Для него Москва – прежде всего город, где заключается союз главнейших сил Русской земли: народа и монарха. Здесь составляется своего рода общественный договор в отечественном варианте. А значит, Великий город – это прежде всего место русского единения, колоссальная «скрепа» для жизни всей страны: «Москва подняла знамя
Союз царя и народа, переживший Смуту, позволил присоединить «Южную Русь, с… Киевом и священными и славными воспоминаниями», затем основать Академию, а следовательно, начать «благой подвиг просвещения». Константин Сергеевич всюду подчеркивает самобытность русского пути. Россия спешит заняться просвещением, не покидая «коренных начал» и воздвигая на «русских самостояньях… гражданское русское устройство». И все это, подчеркивает К. С. Аксаков, было возможным в эпоху, когда Москва являлась «столицею Земли и Государства».
Когда Москва осталась «средоточием народным» и перестала быть «столицей государства», когда высшим администратором стал Петербург, Россия получила внутреннюю язву, жестоко терзавшую страну и постепенно увеличивавшуюся. Дошло до тяжкого поражения Империи в Крымской войне. Константин Сергеевич уверен – не будь этого трагического разделения, не случилось бы и великого срама для русского оружия.
Хомяков и Аксаков во многом несогласны меж собою. Но кое в чем едины.

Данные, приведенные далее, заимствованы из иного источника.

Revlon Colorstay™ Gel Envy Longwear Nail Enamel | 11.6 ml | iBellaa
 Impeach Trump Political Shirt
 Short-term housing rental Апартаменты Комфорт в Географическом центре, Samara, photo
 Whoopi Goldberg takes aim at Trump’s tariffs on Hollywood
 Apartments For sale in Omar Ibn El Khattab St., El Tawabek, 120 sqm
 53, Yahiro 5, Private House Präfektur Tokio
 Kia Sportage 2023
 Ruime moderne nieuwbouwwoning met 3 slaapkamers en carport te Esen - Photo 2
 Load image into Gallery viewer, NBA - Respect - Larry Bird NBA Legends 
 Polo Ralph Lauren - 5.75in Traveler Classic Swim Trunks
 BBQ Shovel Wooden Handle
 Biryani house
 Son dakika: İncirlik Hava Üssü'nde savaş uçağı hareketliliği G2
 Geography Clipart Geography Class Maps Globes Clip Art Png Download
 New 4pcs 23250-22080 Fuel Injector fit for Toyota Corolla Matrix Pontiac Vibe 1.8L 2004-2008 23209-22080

Оба утверждают: Москва – средоточие народа, «земская столица», главный город Земли. Иначе говоря, они творят для Москвы обновленный миф, годный для XIX века: Москва как столица нации. Как величайший центр русского народа, русской культуры, русских интеллектуальных сил, да и вообще русскости как таковой. Здесь формулируется русское будущее.
Славянофилы не столько схватывали разумом, сколько, прежде всего, чуяли чужесть Петербурга России. Слишком много там прозревали они элементов, отрицающих исконные предания народа, слишком много видели иноземного, заимствованного. Они интуитивно противопоставляли Петербургу Москву, как город «органический», сам себя строивший и развивавший.
Но была в славянофильстве позиция и гораздо более радикальная.
Николай Петрович Аксаков уже и в средневековой Москве видел слишком много нерусского. Да, по его мнению, присутствовало и в самой Москве и, подавно, в московском периоде русской истории осознанное «право земли». Оно вообще имеет домосковское происхождение, и московские времена унаследовали его от более древней эпохи. Однако государство засоряло традицию «византизмом», а Москва источала гордыню, мучила страну волокитой. Что же касается преодоления Смуты, то и тогда освободительное земское движение «…началось не в Москве, а далеко от Москвы, преимущественно на окраинах тогдашней России, там, где московское влияние было наименее сильно» («Москва и московский народ», 1886). Более того, роль «земли» умалилась, по мнению Н. П. Аксакова, при московских государях. Он видит «…стремление правителей по возможности чуждаться мнения земли и по возможности освобождаться от ее опеки», хотя полное отчуждение и невозможно. В сущности, монархи московские хороши были тем, что они превосходно осознавали потребность «совета» с землей. При них «разрозненные вечи воскресли в виде одного единого земского собора…». Достойно сожаления то, сколь нерегулярно созывался собор и как много вреда принесло нежелание прислушаться к мнению земли, высказанному на его заседаниях.